Out in the garden on a summer day you are suddenly aware of tickly little legs crawling up your arm. Could it be a bishy-barnibee - or maybe even an arrawiggle?

Meanwhile, lurking in damp places under the leaves an army of hodmadods is waiting for nightfall before emerging to chomp through your lettuces.

And as dusk descends a flittermouse swoops through the sky.

Illustration from The Little Book of Suffolk
Illustration from The Little Book of Suffolk

It might sound as if you've stepped into a fantasy world. But those strange-sounding creatures are just the ones we meet every day ... with their Suffolk dialect names.

Their better-known identities are revealed in The Little Book of Suffolk which is due out in paperback this month.

Award-winning author and social historian Neil Storey has taken an affectionate look at all things Suffolk - a county he has known and loved for many years.

Illustration from The Little Book of Suffolk
Illustration from The Little Book of Suffolk

The book is packed with facts from the serious to the quirky to the bizarre, all delivered in bite-sized chunks.

Bishy-barnibee (ladybird), arrawiggle (earwig), hodmadod (snail), and Neil's personal favourite the flittermouse (bat) appear in a list of old county names for "all creatures great and small".

Topics covered range from the county's early military history to the fact that singer Ed Sheeran comes from Framlingham.

It is a mine of information that Neil believes will prompt even the most knowledgeable native to say "I never knew that ..."
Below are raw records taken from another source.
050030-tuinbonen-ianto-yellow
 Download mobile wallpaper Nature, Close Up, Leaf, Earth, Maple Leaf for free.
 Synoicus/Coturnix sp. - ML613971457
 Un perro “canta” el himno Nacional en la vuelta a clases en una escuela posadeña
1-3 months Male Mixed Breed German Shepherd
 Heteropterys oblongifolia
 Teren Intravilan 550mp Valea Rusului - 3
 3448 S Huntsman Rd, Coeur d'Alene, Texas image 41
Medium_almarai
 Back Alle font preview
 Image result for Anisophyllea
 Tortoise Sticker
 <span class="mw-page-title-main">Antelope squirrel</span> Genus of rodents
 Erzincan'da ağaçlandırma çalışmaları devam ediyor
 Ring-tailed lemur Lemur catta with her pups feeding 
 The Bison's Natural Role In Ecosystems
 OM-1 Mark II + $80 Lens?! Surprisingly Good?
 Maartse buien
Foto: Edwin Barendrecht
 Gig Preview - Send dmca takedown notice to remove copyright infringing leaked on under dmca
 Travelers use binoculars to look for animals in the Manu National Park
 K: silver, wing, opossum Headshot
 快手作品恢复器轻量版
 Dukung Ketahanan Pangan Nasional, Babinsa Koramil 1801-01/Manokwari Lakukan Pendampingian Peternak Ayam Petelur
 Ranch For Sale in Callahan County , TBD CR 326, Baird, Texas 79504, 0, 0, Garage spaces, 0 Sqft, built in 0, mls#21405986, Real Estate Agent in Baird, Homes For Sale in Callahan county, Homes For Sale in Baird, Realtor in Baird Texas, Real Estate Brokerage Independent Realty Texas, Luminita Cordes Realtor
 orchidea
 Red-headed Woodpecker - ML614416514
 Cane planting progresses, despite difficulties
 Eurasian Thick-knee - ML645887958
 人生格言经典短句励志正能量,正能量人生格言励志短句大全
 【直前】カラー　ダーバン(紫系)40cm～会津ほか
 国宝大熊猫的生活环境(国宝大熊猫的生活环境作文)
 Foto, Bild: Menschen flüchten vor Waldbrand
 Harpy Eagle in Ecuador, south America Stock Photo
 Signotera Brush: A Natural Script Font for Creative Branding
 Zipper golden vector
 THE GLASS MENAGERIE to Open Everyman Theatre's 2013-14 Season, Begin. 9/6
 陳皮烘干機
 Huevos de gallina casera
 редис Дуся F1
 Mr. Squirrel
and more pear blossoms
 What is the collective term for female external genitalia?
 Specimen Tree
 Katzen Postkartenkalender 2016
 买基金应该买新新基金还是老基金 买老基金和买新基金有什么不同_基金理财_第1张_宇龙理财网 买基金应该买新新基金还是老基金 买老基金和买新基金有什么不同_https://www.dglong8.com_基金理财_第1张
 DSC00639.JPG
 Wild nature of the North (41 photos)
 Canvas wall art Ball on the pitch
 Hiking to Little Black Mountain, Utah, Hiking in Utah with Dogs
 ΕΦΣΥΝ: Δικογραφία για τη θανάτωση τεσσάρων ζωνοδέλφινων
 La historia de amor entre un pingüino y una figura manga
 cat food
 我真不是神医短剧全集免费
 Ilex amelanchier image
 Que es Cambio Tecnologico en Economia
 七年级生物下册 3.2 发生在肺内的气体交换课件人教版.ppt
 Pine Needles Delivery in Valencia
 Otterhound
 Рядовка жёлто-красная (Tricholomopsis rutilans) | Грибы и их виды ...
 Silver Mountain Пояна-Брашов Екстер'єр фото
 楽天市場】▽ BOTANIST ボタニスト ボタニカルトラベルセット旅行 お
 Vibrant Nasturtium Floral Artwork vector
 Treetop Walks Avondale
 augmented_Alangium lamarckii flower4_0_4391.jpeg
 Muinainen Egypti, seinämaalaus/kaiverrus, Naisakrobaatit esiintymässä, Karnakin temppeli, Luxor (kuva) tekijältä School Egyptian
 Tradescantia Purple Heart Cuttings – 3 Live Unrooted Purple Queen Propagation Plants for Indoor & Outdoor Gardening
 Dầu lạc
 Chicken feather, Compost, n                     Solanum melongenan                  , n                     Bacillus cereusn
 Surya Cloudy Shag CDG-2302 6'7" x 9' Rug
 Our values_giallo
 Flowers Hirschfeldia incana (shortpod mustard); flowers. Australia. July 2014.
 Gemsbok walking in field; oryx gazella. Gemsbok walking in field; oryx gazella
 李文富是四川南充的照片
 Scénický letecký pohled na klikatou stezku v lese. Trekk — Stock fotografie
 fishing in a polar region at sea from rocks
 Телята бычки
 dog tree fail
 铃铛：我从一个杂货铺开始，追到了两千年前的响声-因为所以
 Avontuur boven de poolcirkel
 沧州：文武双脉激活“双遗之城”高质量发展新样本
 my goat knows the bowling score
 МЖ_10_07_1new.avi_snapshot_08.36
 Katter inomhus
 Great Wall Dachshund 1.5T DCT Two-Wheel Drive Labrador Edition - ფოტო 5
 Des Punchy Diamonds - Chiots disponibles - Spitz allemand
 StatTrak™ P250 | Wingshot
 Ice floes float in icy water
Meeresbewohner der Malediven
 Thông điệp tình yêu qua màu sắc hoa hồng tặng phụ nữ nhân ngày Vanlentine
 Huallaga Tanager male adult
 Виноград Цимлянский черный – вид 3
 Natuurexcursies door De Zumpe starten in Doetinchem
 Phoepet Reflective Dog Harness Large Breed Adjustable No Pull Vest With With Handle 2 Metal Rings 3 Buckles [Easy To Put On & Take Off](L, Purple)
Neil Storey has written The Little Book of Suffolk, which tells all sorts of facts about the county he loves
Neil Storey has written The Little Book of Suffolk, which tells all sorts of facts about the county he loves

"The whole point of this book is it's the kind of thing you can shove in your pocket and just dip in and enjoy it," he says.

"It doesn't pretend to be authoritative, although what's in it is all true."

The book covers subjects like battles, people, work, transport, crime, food and drink, sport, and myths and legends plus countless random facts.

Illustration from The Little Book of Suffolk
Illustration from The Little Book of Suffolk

It tells us humans have been around in Suffolk for at least 700,000 years - the date pinpointed by the discovery of flint tools in cliffs at Pakefield.

Racing on through history the Romans left behind archaeological treasures like the Hoxne hoard of gold and silver coins - the biggest ever found in Britain.

The Anglo Saxons also left their mark - most notably with the iconic ship burial at Sutton Hoo.

Older treasure turned up in Ipswich when six gold torcs (neckbands) from around 75BC were unearthed during building work in Ipswich.

Illustration from The Little Book of Suffolk
Illustration from The Little Book of Suffolk

Five were discovered in 1968 by the operator of a digger preparing the land for a housing estate.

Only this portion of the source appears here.